The Centenary Commission said that adult education is an integral aspect of citizenship and plays a vital role in addressing societal divisions. It calls for a national adult education and lifelong learning strategy to reduce the gap between the most and least educationally active.
Specific measures include appointing a minister with responsibility for adult education and lifelong learning, and the creation of and community learning accounts, alongside individual learning accounts, to fund informal, community-based learning initiatives led by local groups.
Dr Ross said: “My own view – that the challenges we face today are no less stark than those faced 100 years ago – was resolutely shared by an engaged group of commissioners as well as the many groups and individuals we interviewed for the report.
“By establishing a fully funded, adequately resourced lifelong learning provision, we can start to undo the damage that’s been done not only to publicly funded adult education in our towns and cities, but also in the lives of so many individuals and communities who have been affected by de-industrialisation and austerity.
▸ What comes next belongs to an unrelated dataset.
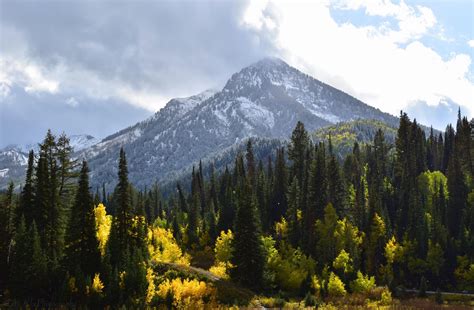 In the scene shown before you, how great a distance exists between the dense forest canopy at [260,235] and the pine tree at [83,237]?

Lifelong learning helps to ready us for what is to come: from automation to climate change to the four-day working week.
“Every citizen globally needs to be equipped so that we shape our future at work and away from it – education enables us to do that. It was noted in the 1919 report that ‘The co-operative movement is the one working-class body which continuously and persistently stood for a humane education as an essential element in the social aims of democracy’. We are proud that in its centenary year, the Co-operative College, and the co-operative movement of which it is a part, continues to represent that tradition.”
Dame Helen Ghosh, master of Balliol College, Oxford and chair of the commission, said: “There is a national consensus in favour of adult education and lifelong learning. We need the next government to step up to the challenge, and deliver what is, in the words of the 1919 Report and today’s Report, ‘A Permanent National Necessity’.
“In meetings across the country our commission found a huge appetite for adult education and lifelong learning – we saw evidence of communities being brought together through imaginative educational initiatives; new groups being formed to analyse and discuss the issues of the day, including the climate crisis; and a desire to understand and prepare for the changing world of work, including among those in the ‘gig economy’ for whom provision at present is scant. Our commission’s recommendations would address all these needs.”
The College will mark the release of the report with a dedicated event at its centenary conference on 27 November.